9. Morphology — Lab exercises

XFST / foma

XFST provides two formalisms for creating FSA / FST for morphology and related fields:

regular expressions: similar to Python's (e.g. {reg}?*({expr}) $\equiv$ reg.*(expr)?)
lexc: a much simpler formalism for lexicographers

In this lab, we shall learn the latter via the open-source reimplementation of XFST: foma. We shall also acquaint ourselves with the Hungarian HFST morphology. We are not going into details of how foma works; for that, see the

https://fomafst.github.io/
https://github.com/mhulden/foma/
the XFST book (Kenneth R. Beesley and Lauri Karttunen: Finite State Morphology)

But first...

Command-line access from Python

In some cases, we need to interface with command-line applications from our script. There are two ways to do this in Python, and an additional method in Jupyter.

1. `os.system()`

The os.system(cmd) call executes cmd, sends its output to the stdout of the interpreter, and returns the exit code of the process. As such, there is no way to capture the output in the script, so this method is only useful if we are interested solely in the exit code.



In [ ]:

    
import os

# Note that the actual output of `ls` is not printed!
print('Exit code:', os.system('ls -a'))
files = os.listdir('.')
print('Should have printed:\n\n{}'.format('\n'.join(files if len(files) <= 3 else files[:3] + ['...'])))

2. subprocess

The subprocess module provides full access to the command line. The basic method of usage is to create a Popen object and call its methods:



In [ ]:

    
import subprocess

p = subprocess.Popen(['ls', '-a'],            # manual cmd split; see next example
                     stdout=subprocess.PIPE)  # we need the output
ret = p.communicate()
print('Exit code: {}\nOutput:\n\n{}'.format(p.returncode, ret[0].decode('utf-8')))

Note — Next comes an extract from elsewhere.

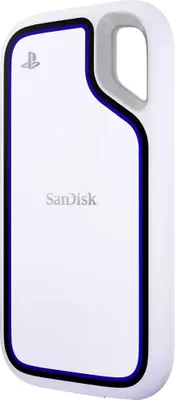 Immagine prodotto di SANDISK Extreme 1TB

It is also possible to send input to a program started by Popen:



In [ ]:

    
p = subprocess.Popen('cat -', shell=True,    # automatic cmd split -> ['cat', '-']
                     stdin=subprocess.PIPE,  # we shall use stdin
                     stdout=subprocess.PIPE)
ret = p.communicate('hello\nbello'.encode('utf-8'))
print(ret[0].decode('utf-8'))

From Python 3.6, Popen supports the encoding parameter, which alleviates the need for encode/decode.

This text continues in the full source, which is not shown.